* _Records for the task_
------------------------------------------------------------
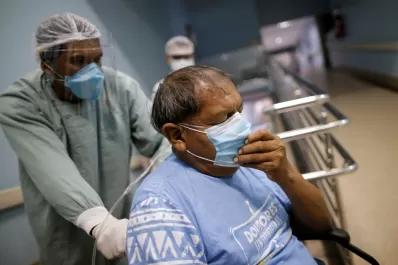El coronavirus durará décadas incluso con vacuna, según científicos británicos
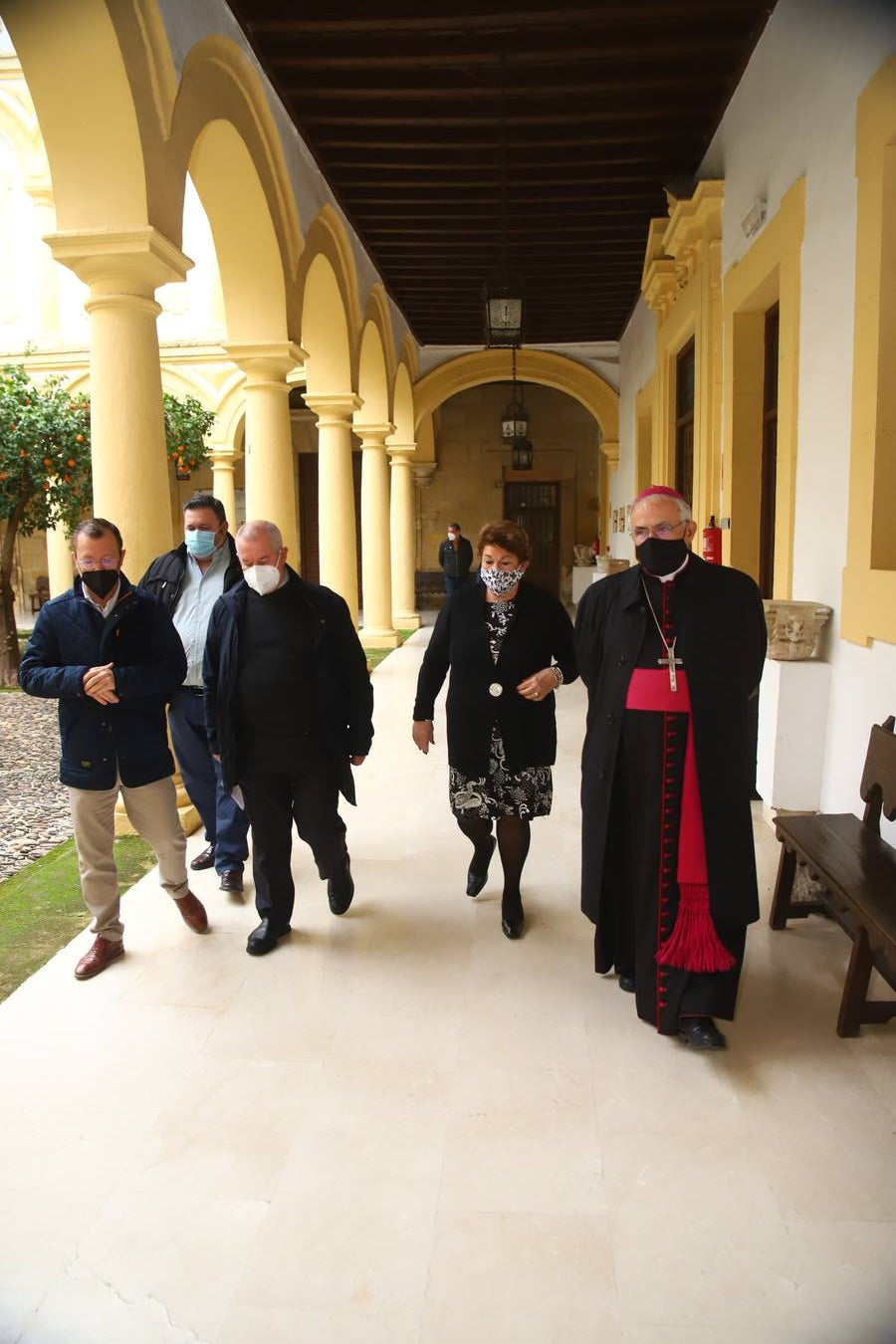 En imágenes, la asamblea de las hermandades y cofradías de Córdoba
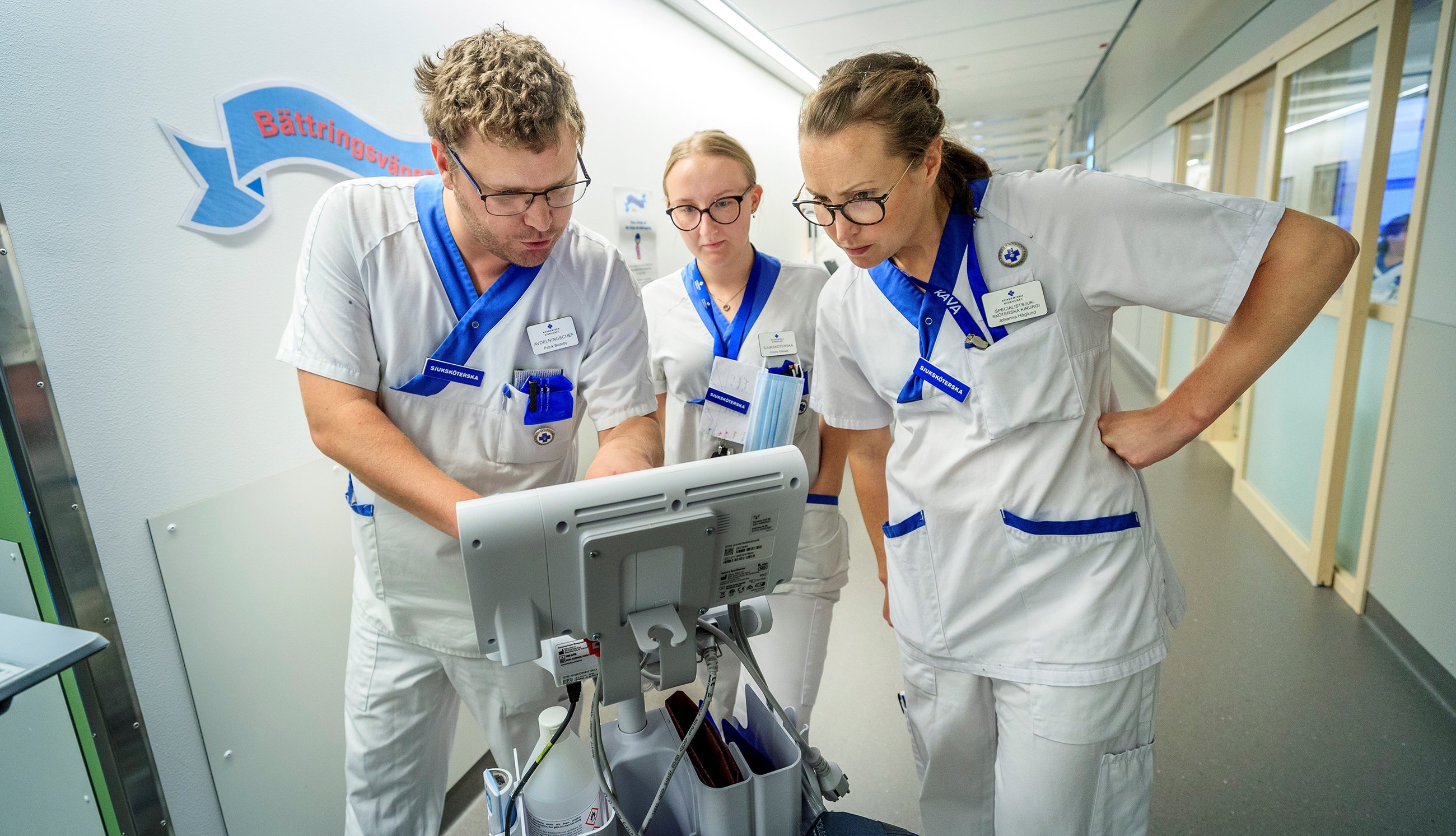 Genom att integrera monitorerna som mäter exempelvis andning, cirkulation och medvetande i Cosmic har tiden för kontroll av vitalparametrar kortats från nio till tre minuter. Foto: Staffan Claesson/Bildbyrån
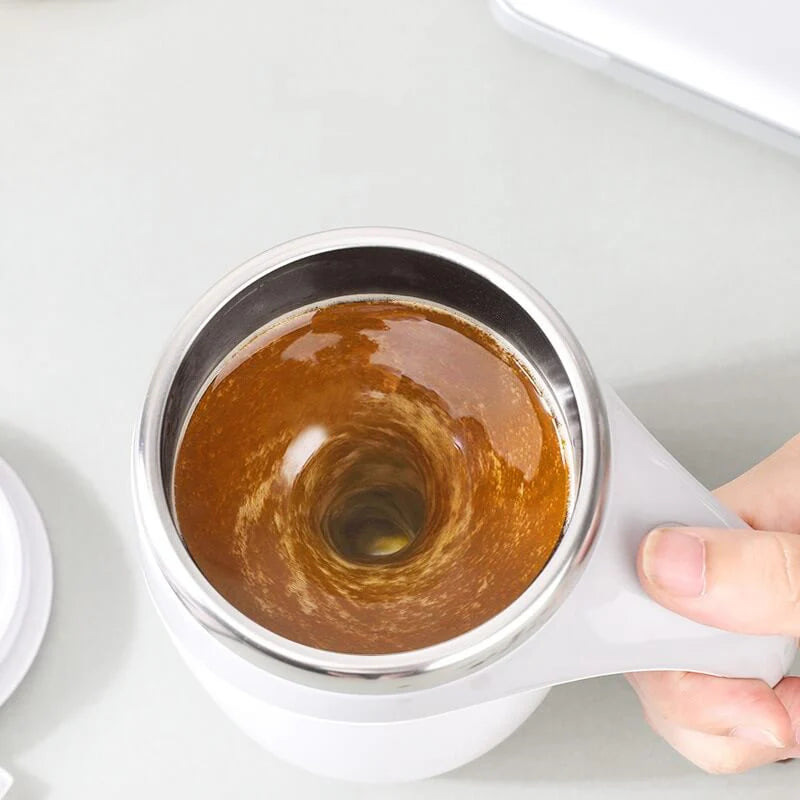 Automatischer Rührbecher – Selbstumrührender Kaffeebecher, Ideal für Kaffee, Tee, Milch und Proteinshakes, BPA-frei
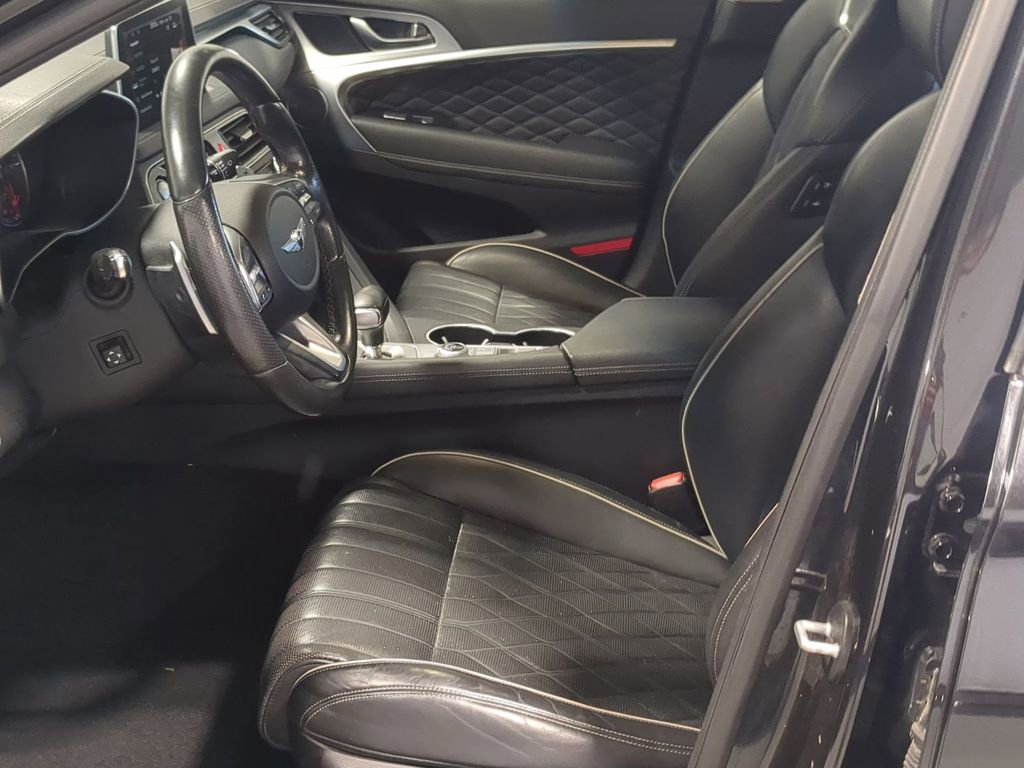 Thumbnail: 2019 Genesis G70 - 20
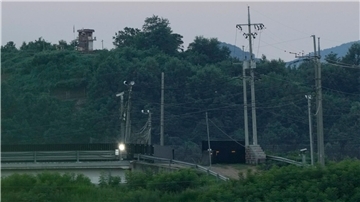 Ein nordkoreanischer Wachposten bei Paju. Ein US-Amerikaner überquerte im Juli ohne Erlaubnis die innerkoreanische Grenze und wurde daraufhin festgenommen.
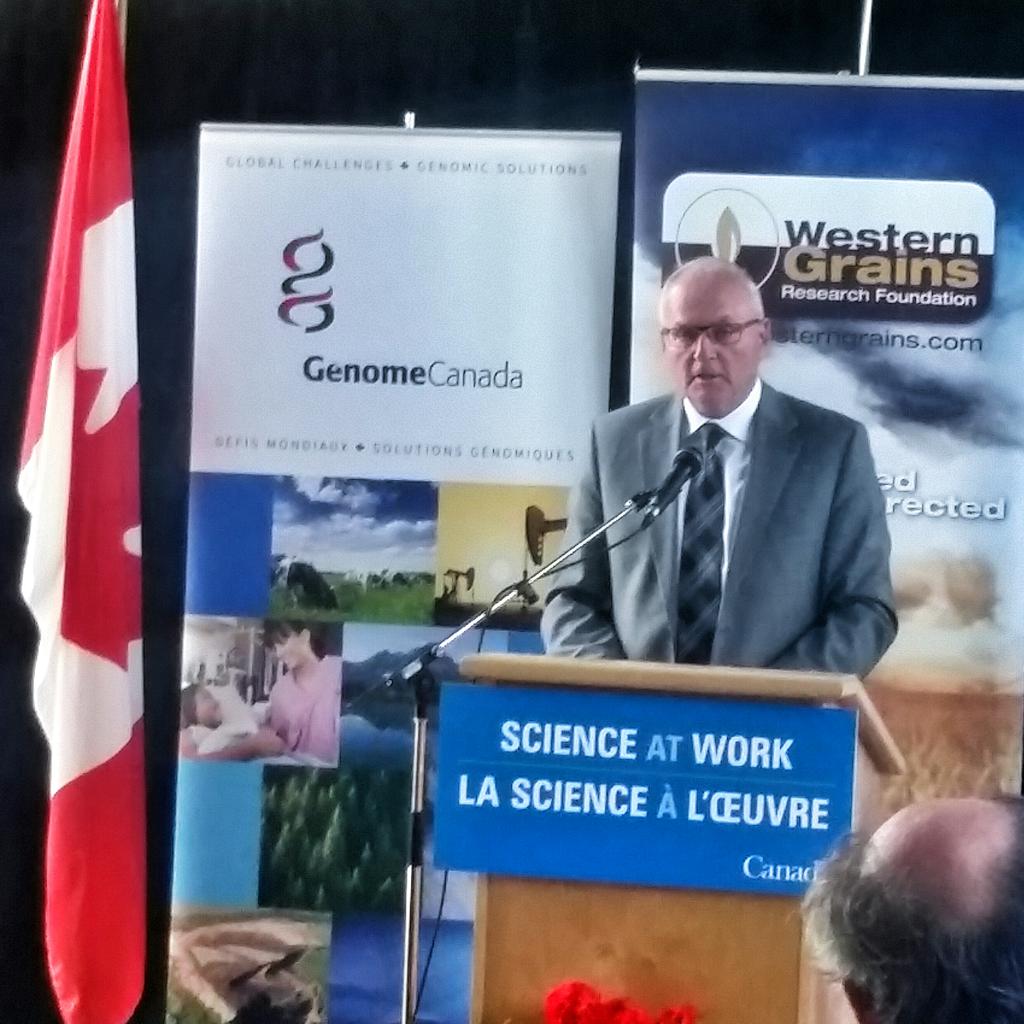 SaskPulse's tweet image. Minister Stewart announces SK gov is co-funding genomics work with $2.6 million from the ADF program #pulseresearch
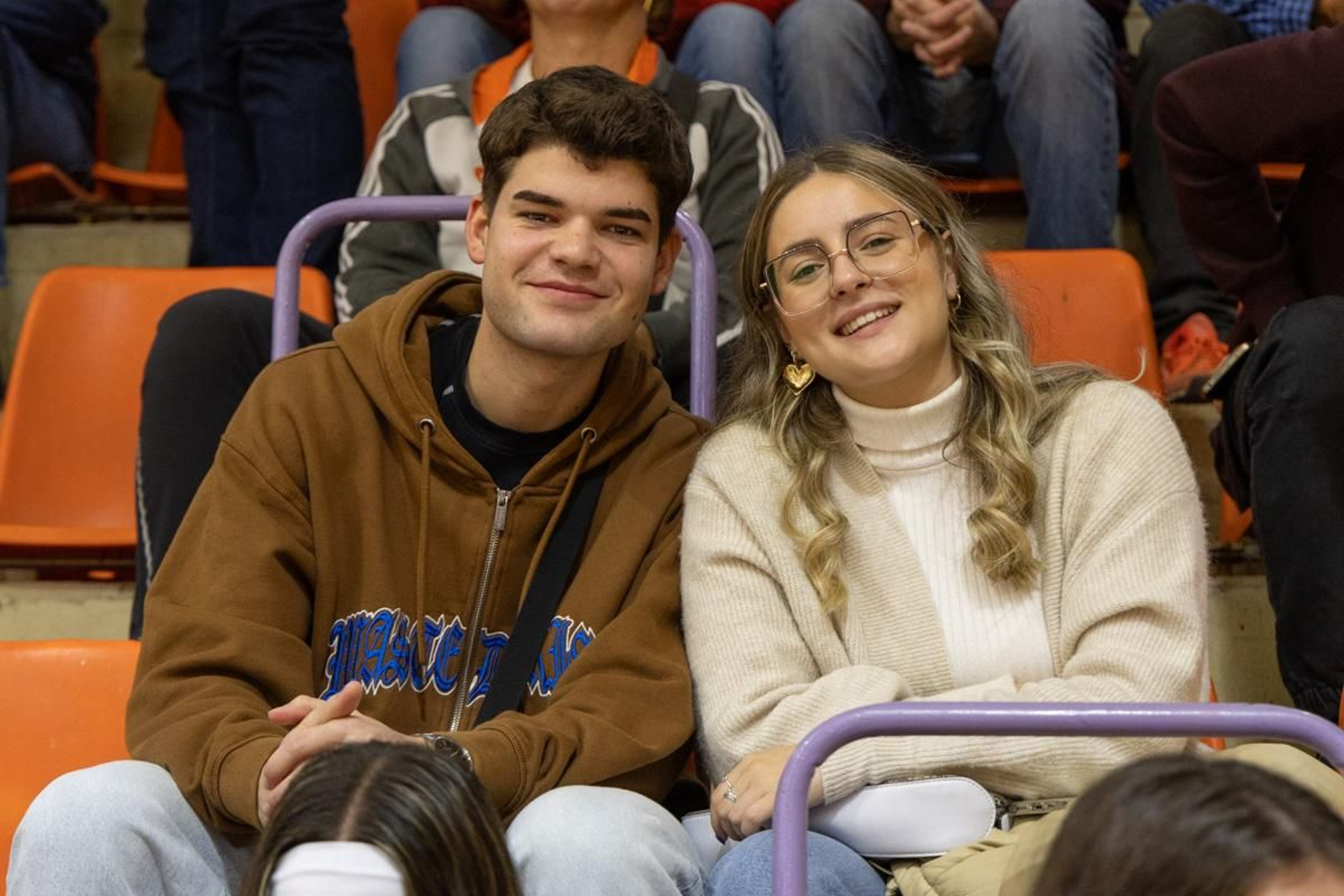 La Salobreja vibra con el derbi de la capital entre Jaén CB y Jaén FS, en imágenes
------------------------------------------------------------
* _Assignment_
Once the pictures are removed, output the entries above exactly as given.

* _Answer to the problem_
El coronavirus durará décadas incluso con vacuna, según científicos británicos
 En imágenes, la asamblea de las hermandades y cofradías de Córdoba
 Genom att integrera monitorerna som mäter exempelvis andning, cirkulation och medvetande i Cosmic har tiden för kontroll av vitalparametrar kortats från nio till tre minuter. Foto: Staffan Claesson/Bildbyrån
 Automatischer Rührbecher – Selbstumrührender Kaffeebecher, Ideal für Kaffee, Tee, Milch und Proteinshakes, BPA-frei
 Thumbnail: 2019 Genesis G70 - 20
 Ein nordkoreanischer Wachposten bei Paju. Ein US-Amerikaner überquerte im Juli ohne Erlaubnis die innerkoreanische Grenze und wurde daraufhin festgenommen.
 SaskPulse's tweet image. Minister Stewart announces SK gov is co-funding genomics work with $2.6 million from the ADF program #pulseresearch
 La Salobreja vibra con el derbi de la capital entre Jaén CB y Jaén FS, en imágenes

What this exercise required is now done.